SEC reform shines a light on CEO-to-worker pay ratio
The Securities and Exchange Commission voted 3-2 to approve a rule Wednesday that will require publicly traded companies of a certain size to disclose what the CEO makes relative to the median compensation of its workers. The rule was five years in the making, stemming from the Dodd-Frank reforms passed after the financial crisis, and will take effect in 2017.
Depending on whom you ask, the ratio will help either shareholders review compensation packages or be relatively useless.
“It’s important to put numbers in context, and I think using a CEO-to-worker pay ratio provides the right context for understanding how extraordinary CEO pay has become in recent decades,” says Lawrence Mishel, president of the Economic Policy Institute.
EPI’s research shows that in 1960s, CEOs made roughly 20 times as much as a typical worker, but that ratio climbed to 300 in 2013. Mishel thinks investors, workers and the community at large should be aware of that growing divide and be able to follow changes over time.
But Amy Hutton, a professor at Boston College, says this ratio’s become very politicized.
“People will use this measure when it’s reported to make whatever argument they want to make,” she says. She thinks the data could be used to complain that CEO pay is too high or to justify the pay package if the ratio is comparable to competitors’ data.

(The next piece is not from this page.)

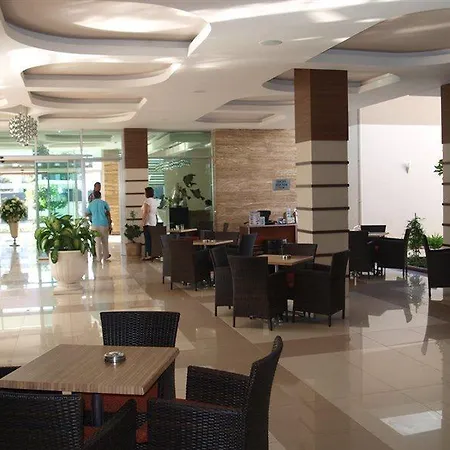 מלון Club Mermaid Village 4*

Plus, Hutton says companies that outsource work may look better on this statistic than companies that actually hire workers.
“I don’t know if this really tells us very much about whether CEO pay is really appropriate,” says Nora McCord, managing director of Steven Hall & Partners, an executive compensation consultant. “I have one client who was considering awarding a toaster to the median employee.”
That’s how random or silly the client viewed metric. McCord thinks tacking CEO pay against company performance is better way to judge if the boss is worth millions.